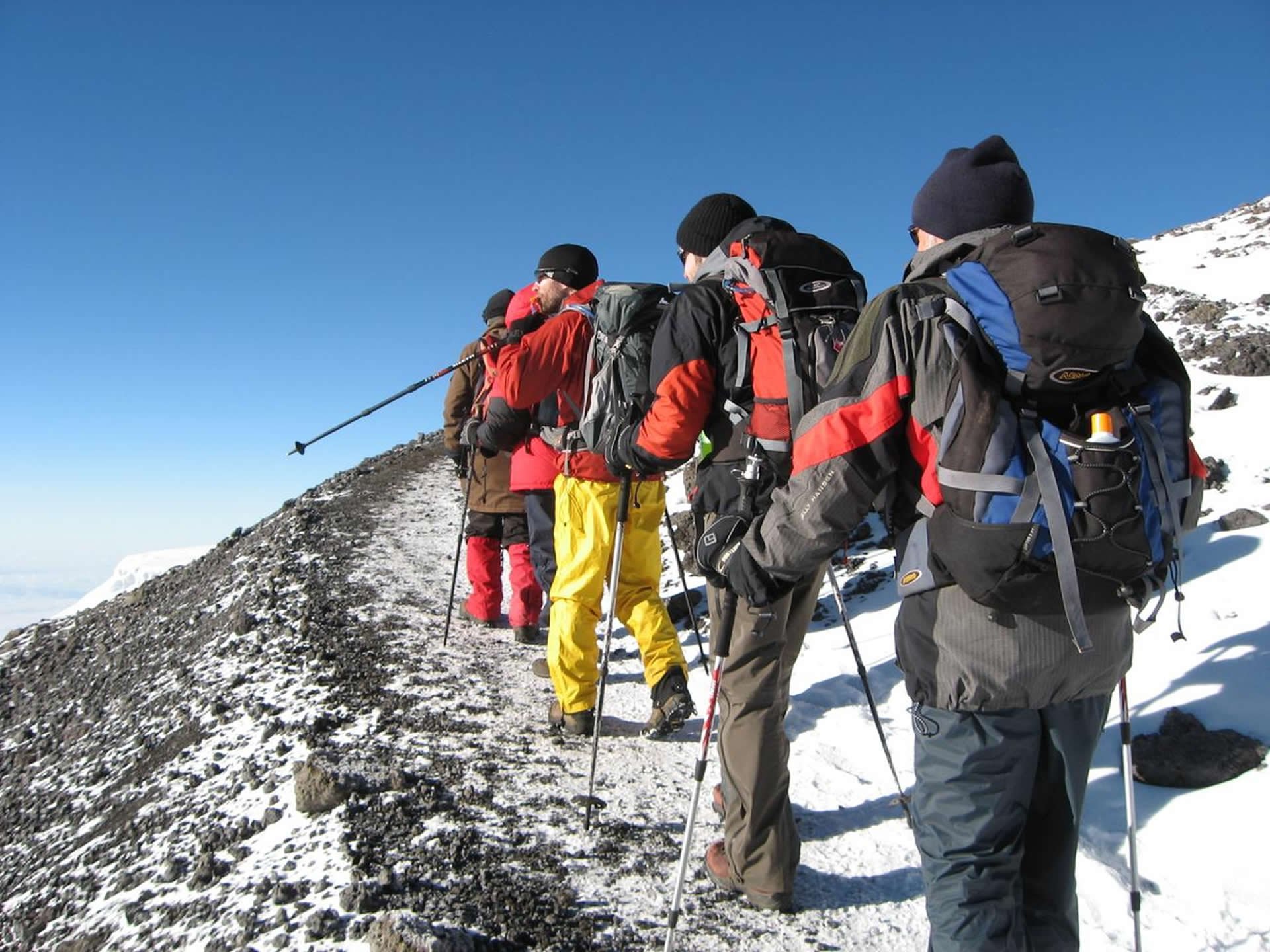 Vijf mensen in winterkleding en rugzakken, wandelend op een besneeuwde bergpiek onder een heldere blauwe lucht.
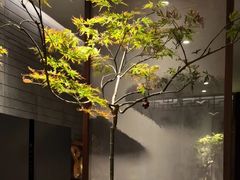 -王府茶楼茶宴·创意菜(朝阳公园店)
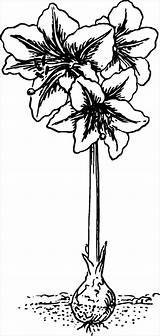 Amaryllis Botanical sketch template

(EXERCISE): Your output must reproduce the material above in full, with no pictures.

(SOLUTION FOR THIS PROBLEM):
 Vijf mensen in winterkleding en rugzakken, wandelend op een besneeuwde bergpiek onder een heldere blauwe lucht.
 -王府茶楼茶宴·创意菜(朝阳公园店)
 Amaryllis Botanical sketch template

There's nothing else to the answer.